Approximately 200 barrels of reservoir fluid were released after the leak at the Wytch Farm oil field under Owers Bay on Sunday.
Perenco said a “small” amount of reservoir fluid (consisting of 85 per cent water and 15 per cent oil) escaped.
The trust told the Guardian on Tuesday it remained “seriously concerned” about the impacts of the spill on wildlife populations on the island, one of the few places in southern England where indigenous red squirrels survive.
Brownsea Island additionally holds international importance to wintering and summer-nesting birds and is home to a rich mix of ecosystems, including a brackish lagoon, woodland, salt marsh, reedbed and two freshwater lakes.
“Brownsea Island is a part of an internationally important wetland and marine conservation zone, and is a haven for wildlife, including oystercatchers and sandwich terns,” the National Trust told the Guardian.
“A thin film of oil was located on parts of the west and north shores of Brownsea Island earlier today. This was dealt with immediately by the authorities and we continue to support however we can.
“We remain seriously concerned about the impacts of the spill on wildlife populations and the varied habitats they depend on. We’re carefully monitoring the situation.”
Earlier on Tuesday the Royal Society for the Protection of Birds (RSPB) said up to 15 birds were spotted with oil smudges on their feathers.
“The only way for them to clean is by preening and we have yet to see what the impacts of that may be once they digest the substance on their feathers, so we are continuing to monitor the situation closely,” the charity said in a statement.
“It’s too early to know the scale of impact but we have been in regular contact with the authorities to support the response as best we can, and we remain cautiously optimistic that it may not be as bad as we first feared.”
The RSPB said it had received reports of up to 15 birds in the area with what appeared to be brown oil smudges on their feathers, but all seem to be feeding, flying and behaving normally.
The RSPB, which maintains more than 250 hectares (600 acres) of the Arne peninsula on the western shore of the harbour, said the impacted breeds included black-headed gulls, Mediterranean gulls, shelduck and mute swans.
The Game and Wildlife Conservation Trust (GWCT) also expressed concern over the contamination on migratory fish, particularly young Atlantic salmon (Salmo salar) and sea trout (Salmo trutta), known as smolts, which are at the start of their seabound migration from the rivers Frome and Piddle which flow through Poole Harbour.
Dr Rasmus Lauridsen, GWCT head of fisheries research, said: “This is the worst possible time for migratory salmonids.

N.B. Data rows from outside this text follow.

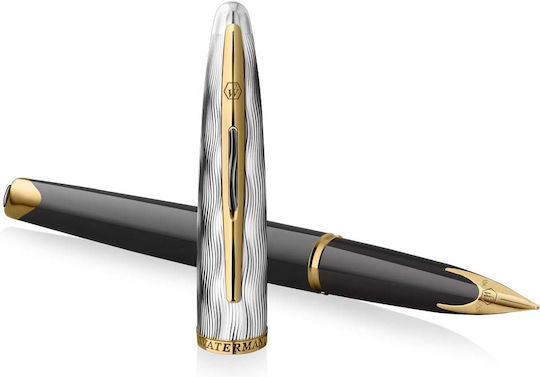 Waterman Carene Se Deluxe Πένα Γραφής Fine Ασημί από Ορείχαλκο με Μαύρο Μελάνι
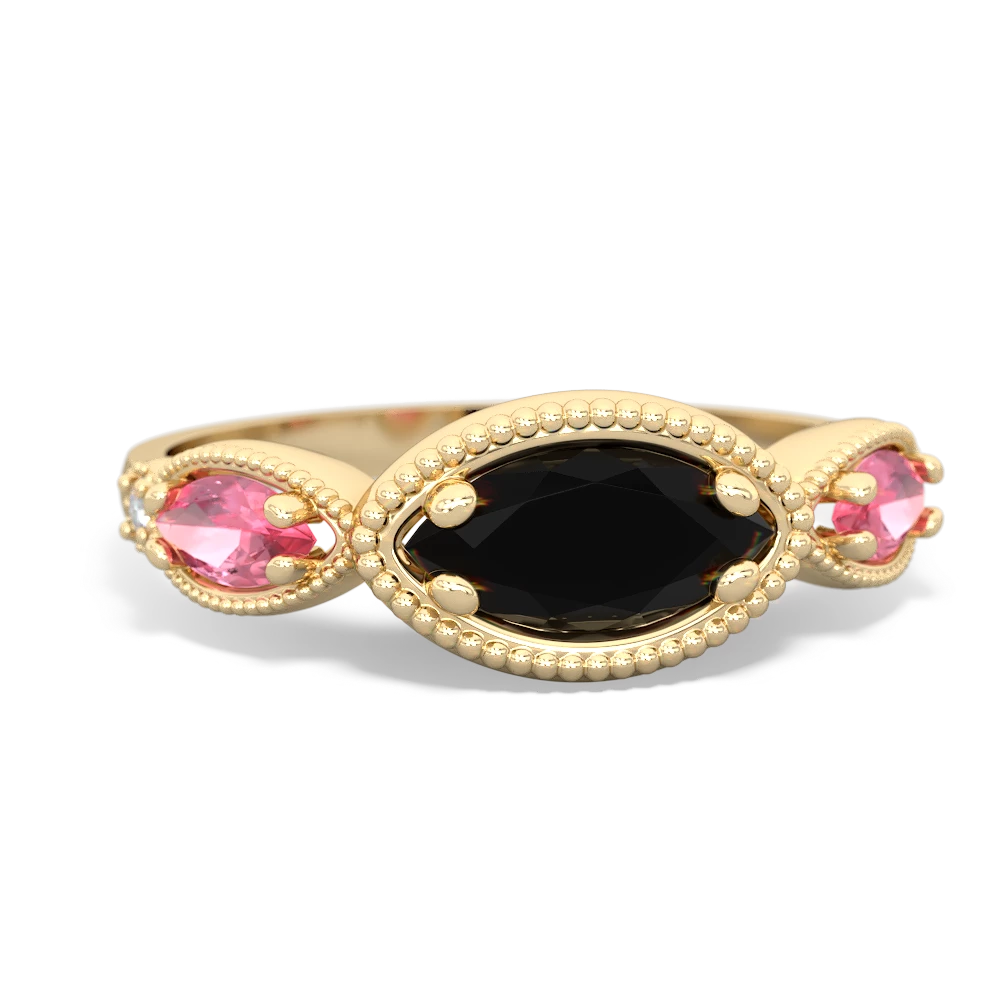 Onyx Milgrain Marquise 14K Yellow Gold ring R5700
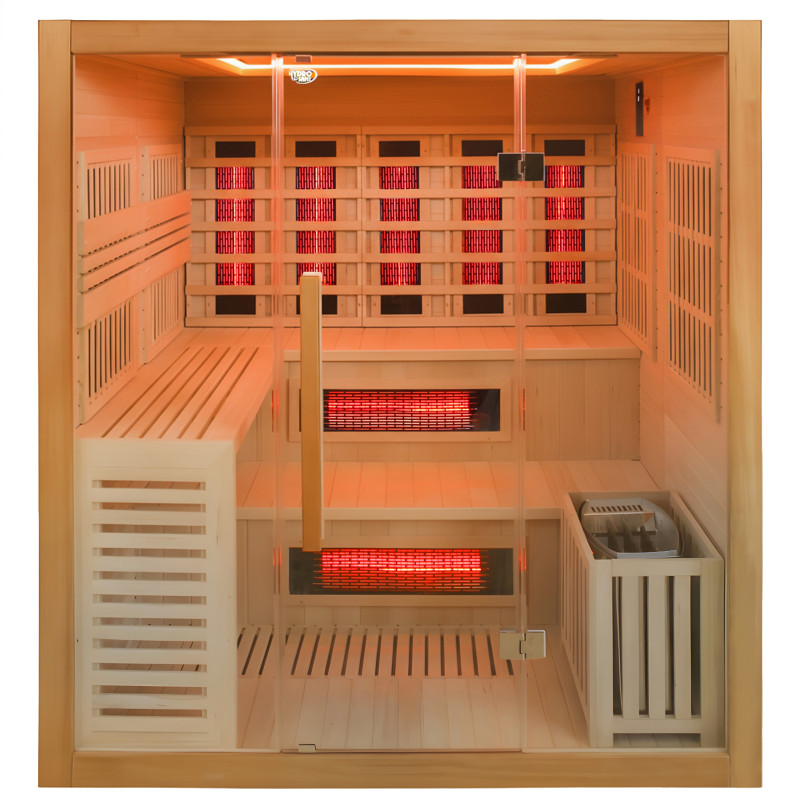 SAUNA INFRARED/FIŃSKA HELSI1 Z PIECEM HARVIA 6KW 4-5 OSOBOWA 180x160 CM 2w1 HELSI1 NEW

We are currently catching them in numbers through our smolt trap so we know that they are passing through Poole harbour at the moment.”
Dylan Roberts, head of fisheries at GWCT, said: “During their migration through estuaries, they are at a crucial and highly sensitive stage of their life cycle as their bodies adjust to transferring from living in rivers to sea water.

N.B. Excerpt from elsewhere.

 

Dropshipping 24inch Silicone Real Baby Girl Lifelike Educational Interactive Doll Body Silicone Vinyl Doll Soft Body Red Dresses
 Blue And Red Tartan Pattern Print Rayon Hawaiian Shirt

“We are extremely concerned that these increasingly rare young fish may perish in the polluted waters.”
A containment and clean-up operation was launched by Poole Harbour Commissioners (PHC), which regulates activities in the harbour, after the leak.
In a statement, the PHC said it had received reports of oiled birds but there had been no known fatalities and monitoring was ongoing to assess the impact on the local habitats.

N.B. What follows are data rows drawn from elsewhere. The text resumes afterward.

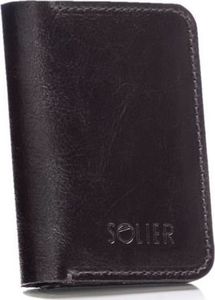 Solier Cienki skórzany męski portfel z bilonówką SOLIER SW16 SLIM CIEMNY BRĄZ 1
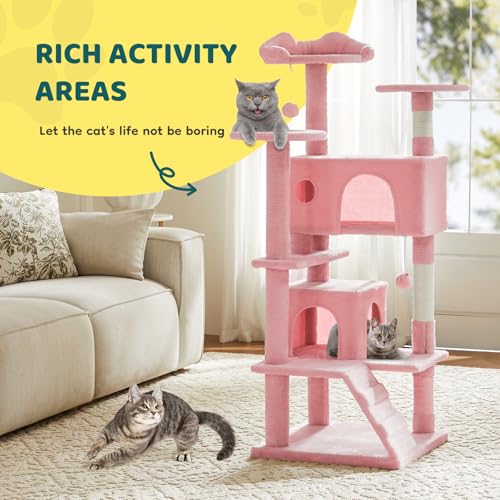 DUMOS 54 Inch Cat Tree Tower with Scratching Posts, Indoor Use - color: Pink, size: 54'' × 20'' × 20''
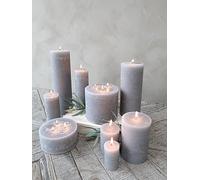 Danish Pillar Candles - Extra Tall Large Chunky Grey Candles - 15cm x 7cm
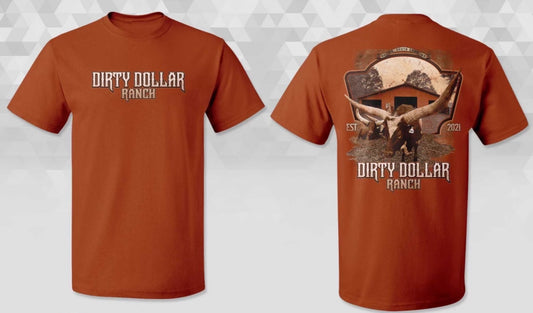 T2523TO - Texas Orange "Dirty Dollar Ranch Barn" Short Sleeve Tee
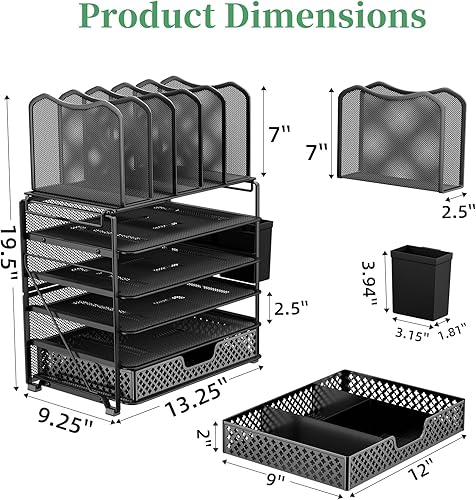 Miniatura 6 de Simple Trending Organizador de archivos de escritorio de malla de 5 niveles, bandeja de papel con organizador de cajones deslizantes para oficina y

The PHC said: “Since the start of the process, 58km of shoreline has been assessed. We have received over 200 reports from five teams feeding into our Emergency Response Centre. PHC continue to monitor the harbour by helicopter, drones, boat and shore patrols.
“Latest reports show that the oil continues to dissipate, however some oil has come ashore in a small number of areas and PHC is in the process of clearing up these areas as and when recorded.
“Water and shellfish sampling is being carried out in Poole Harbour and we continue to monitor any impact on the environment. Key stakeholders in the fishing industry have been contacted.”
They continued: “As a precaution, the public are advised that they should still avoid using Poole Harbour for recreational purposes – including the hand gathering of shellfish – and continue to avoid bathing at beaches within Poole Harbour until further updates become available.
“Bournemouth, Christchurch and Poole Council has raised signage at Rockley Park, Lake Pier, Hamworthy Park, Baiter Slipway, Whitley Lake (Kite Beach) and the slipway at Lake Road to ask visitors not to swim in these areas until further notice.
“Signage has been put up by Dorset Council along the Studland beaches, Knowle Beach, South Beach, Ferry Road and Shell Bay asking visitors not to not to swim in these areas until further notice.”
Following an urgent question in the Commons on Monday, environment minister Rebecca Pow said that an investigation had been launched into the cause of the incident and to assess the environmental impact.
Environment groups have expressed anger and concern at the risk posed by oil facilities on the UK coast, particularly close to protected wildlife sites.
A small protest was held on Monday afternoon at Poole Quay with demonstrators unfurling a banner reading: “End fossil filth.”